> [WHAT YOU SHOULD DO]:
In the listing, locate the line containing "Laptop displaying financial", then quote it and all following lines exactly. Omit pictures.

> [PROVIDED DATA]:
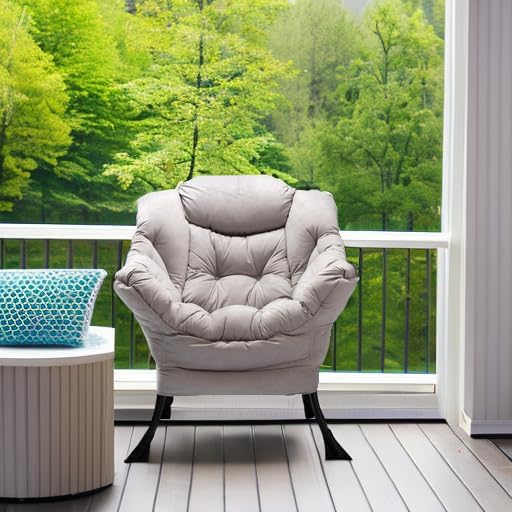 HollyHOME Modern Large Cotton Fabric Lazy Chair，Accent Contemporary Lounge Chair, Single Steel Frame Leisure Sofa Chair with Armrests and A Side Pocket, Grey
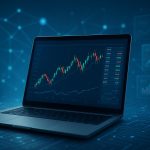 Laptop displaying financial graphs and charts related to trading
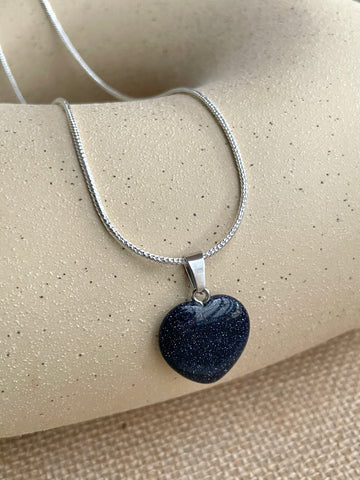 Blue Sunstone Heart Pendant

> [ANSWER]:
 Laptop displaying financial graphs and charts related to trading
 Blue Sunstone Heart Pendant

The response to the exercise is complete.